To: Peter Dierks who wrote (286)12/28/2005 11:08:28 AM
From: carranza2  Read Replies (2) | Respond to of 1277
 
Thanks. I'll look for it.

The Taber book has a lot of information on the methods used by both the French and the Californians, which except for a few exceptions, like a secondary fermentation of red wine on the part of the Californians, were essentially identical in the 1970s.

A fascinating subject. The Californians who were on the cutting edge of the wine industry in the mid 1970s made a bloody fortune.

The Taber book makes an interesting point that I knew nothing about. If a small amount of oxygen is injected into a bad red wine at some point of the aging process, it softens the tannins normally associated with cheap wine. Doing this will fool a lot of relatively unsophisticated palates, like mine, into thinking the wine is excellent.

I have a friend whose deceased father was quite sophisticated concerning wine. We do her family a huge favor each summer when they visit NO for a few weeks, allowing her to have the run of our house while my family is at work. Since I have a swimming pool, this is a nice thing to have access to during a NO Summer. In return, she leaves a bottle or two of wine from her dad's cellar as a gift. So far, she has given us a 1976 Stag's Leap Merlot, good for historical value only as it was unfortunately corked, a 1991 Guigal Cote de Rhone, a Lalonnde, I think, which was the best bottle of wine I have ever had in my life, and a 1989 Lynch Bages Pauillac that we had this Christmas, which competed strongly with the Rhone.
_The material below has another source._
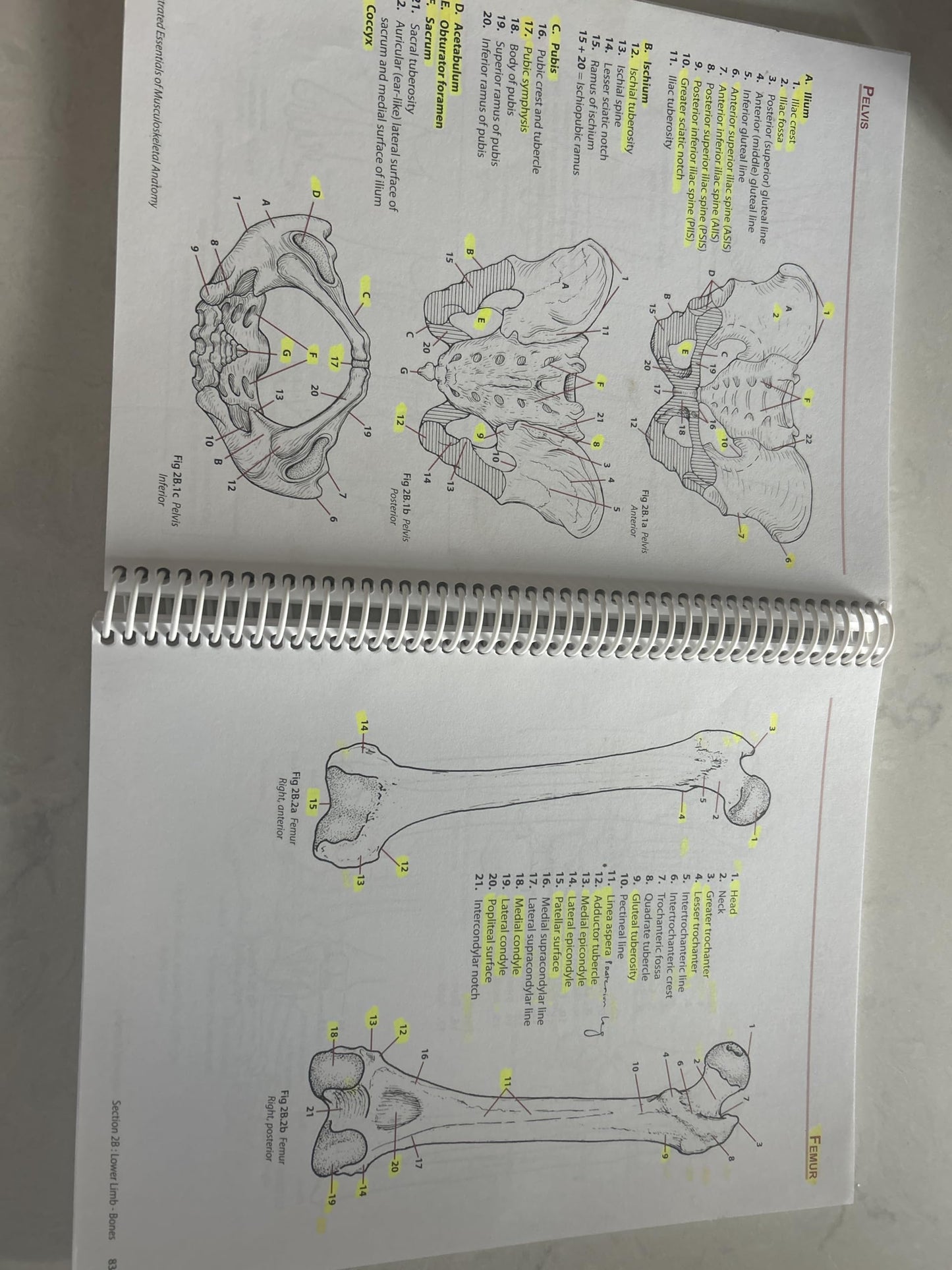 Illustated Essentials of Musculoskeletal Anatomy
I shudder when I look up the prices on these gifts as there is no way I would pay that much for a bottle of wine, ever. My palate is simply not sophisticated enough to distinguish all the various things folks taste. A reason why I post here.

I do have a recommendation in the $20 range. I picked up a few bottles in Houston of the Rothschild special Reserve Medoc, whose year I cannot recall. I had previously drunk the Pauillac, which was excellent. You might be aware that these wines are made from the grapes rejected for the higher end Rothschild wines, but in my book they are terrific and tremendous values. I have raved about the Pauillac before. The Medoc, however, is even better and at more or less $20 per bottles, an unbelievable bargain.